Unsafe return of human excreta to the environment: A literature review

Sanitation facilities are often assumed to create a barrier between humans and excreta; however, this may not be the case if excreta is insufficiently contained or improperly disposed of. Thus, we conducted a literature review of peer-reviewed studies and grey literature to identify pathways of human excreta leaking unsafely into the environment. The fate of collected fecal sludge and the extent of wastewater treatment was not well documented. Future sanitation research should specifically document the location of fecal disposal to aid in characterizing public health risks.

As part of a project funded by Bill and Melinda Gates Foundation, the Water Institute undertook a review of peer-reviewed and grey literature to examine pathways of unsafe return of human excreta to the environment.
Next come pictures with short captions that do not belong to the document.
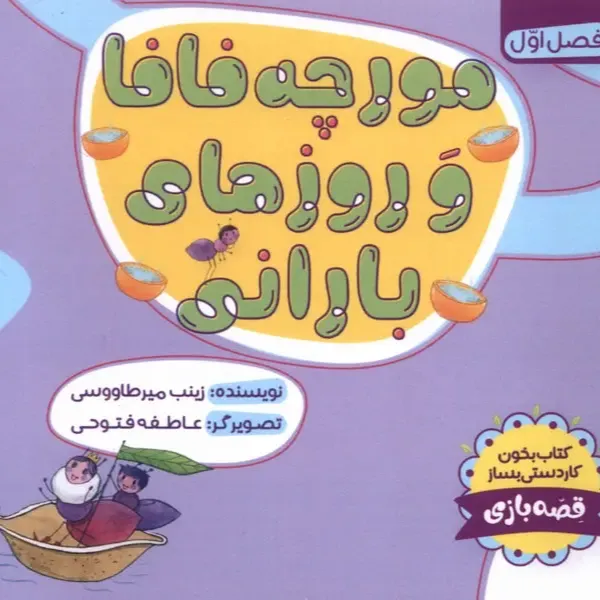 مورچه فافا و روزهای بارانی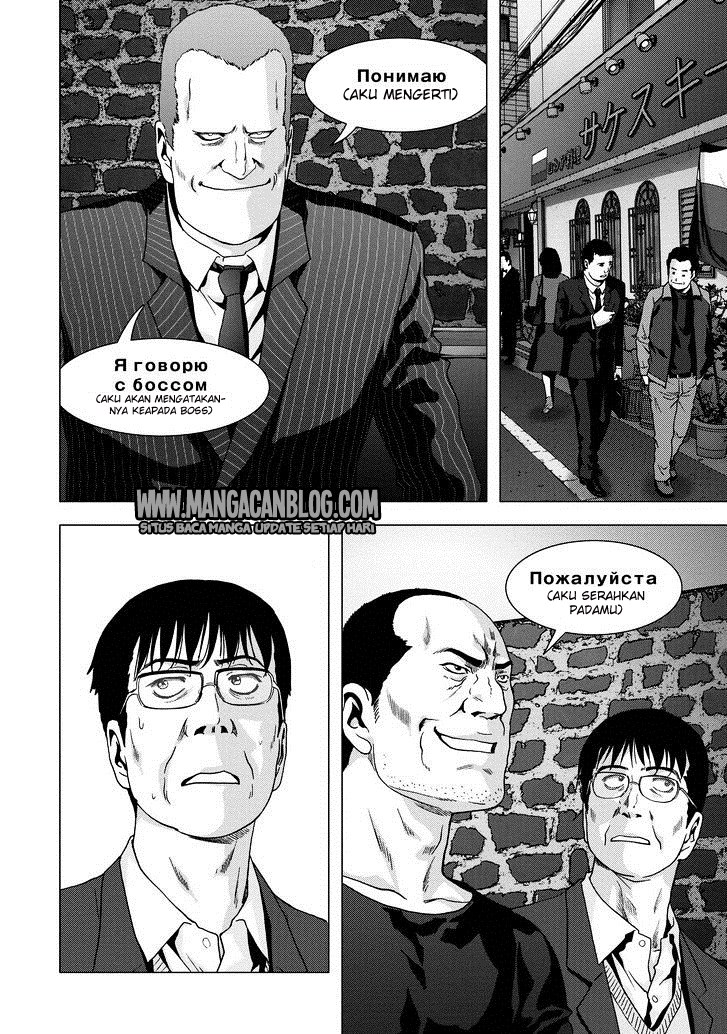 Btooom! Chapter 87 - halaman 40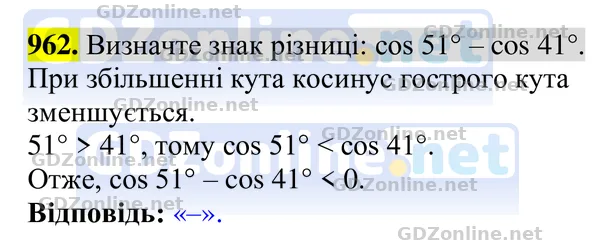 Завдання 962 — Геометрія 8 клас Бурда, Тарасенкова 2025, відповідь і розв’язання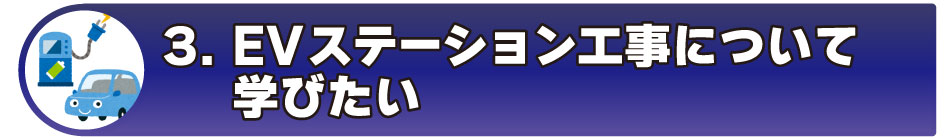 EVステーション工事、EV充電器設置工事について学びたい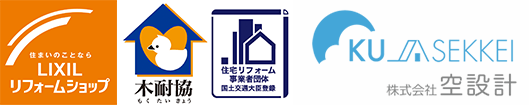 【無料】「住宅リフォーム・耐震 補助金セミナー」のお知らせ,株式会社 空設計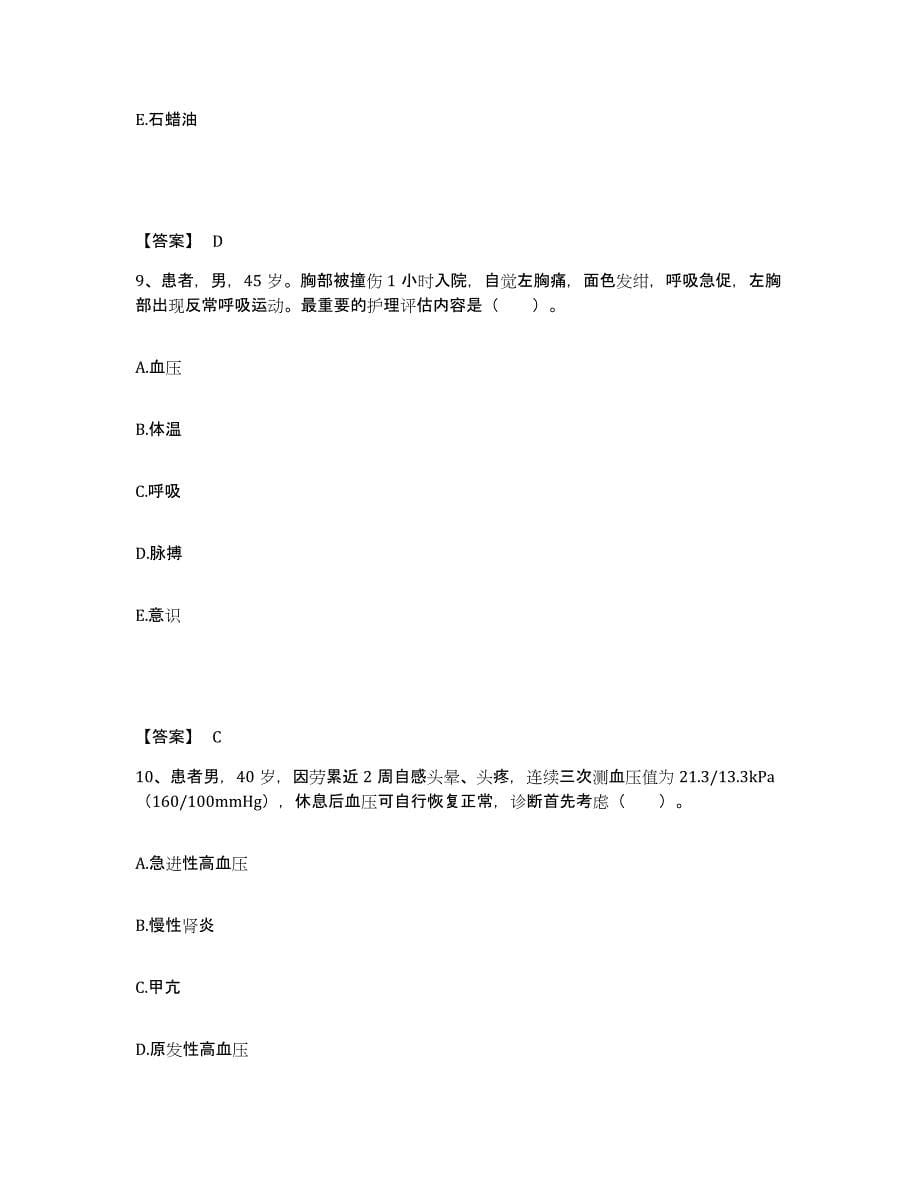 备考2025陕西省神木县城关医院执业护士资格考试真题练习试卷B卷附答案_第5页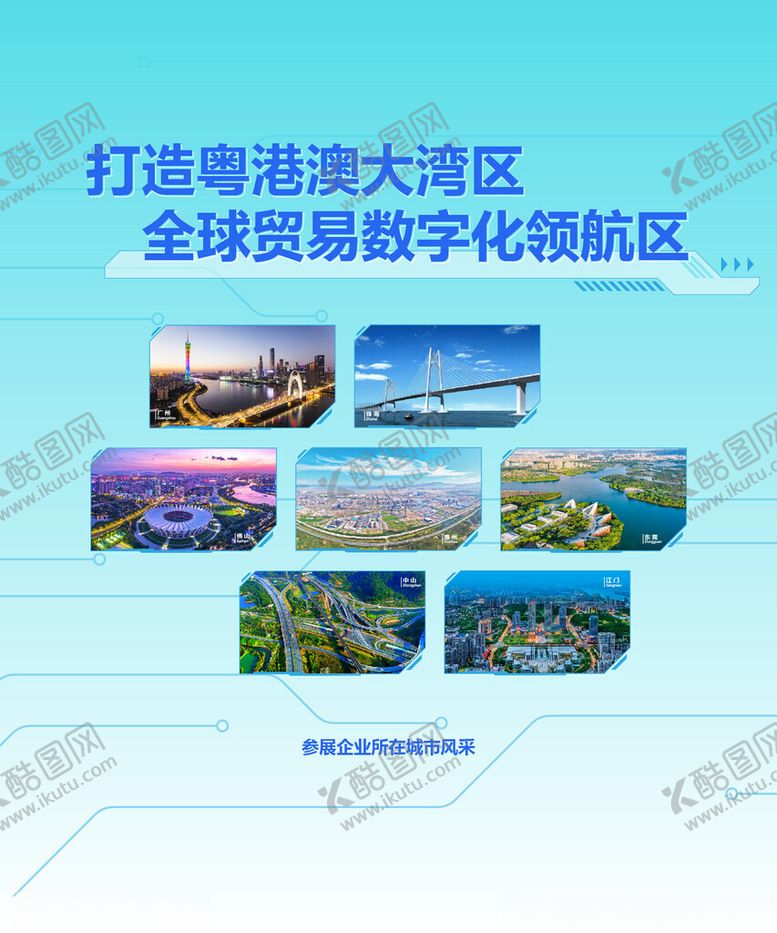 编号：94366702150454374887【酷图网】源文件下载-企业展板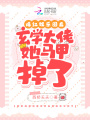 爆紅娛樂圈后玄學大佬她馬甲掉了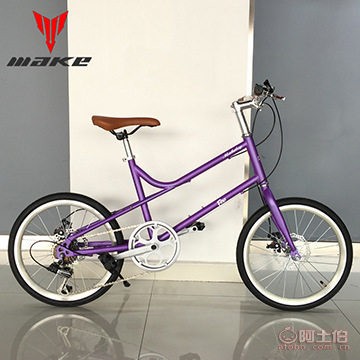 【Fee廠家直銷(xiāo)20寸變速雙碟剎小輪自行車(chē)女款公路車(chē)禧瑪諾后七速】天津市武清區(qū)凱美歐自行車(chē)廠 - 產(chǎn)品庫(kù)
The review was conducted to inform a proof of concept to estimate the fraction of human excreta unsafely returned to the environment.

 The review has a wide scope encompassing diverse technologies and all stages of the sanitation delivery chain and was solicited to add to the discussion on global sanitation monitoring and the agenda for the Sustainable Development Goals (SDGs). The Water Institute believes the review has value to the WaSH sector and has made it publicly available for comment in order to incorporate questions and comments from WaSH professionals and practitioners.  We encourage you to download the document and provide feedback via e-mail to ashley.williams@unc.edu.

The full review may be downloaded here.

Executive Summary

This literature review was funded by Bill & Melinda Gates Foundation as part of a proof of concept project titled “Estimates for the Unsafe Return of Human Excreta to the Environment”. The aim was to compile evidence on the pathways and extent of unsafe return of human excreta to the environment throughout the sanitation delivery chain. This document was submitted to Bill & Melinda Gates Foundation on June 4, 2015. The authors invite readers to provide feedback, suggestions, and questions that may be addressed and incorporated in a future version of the review.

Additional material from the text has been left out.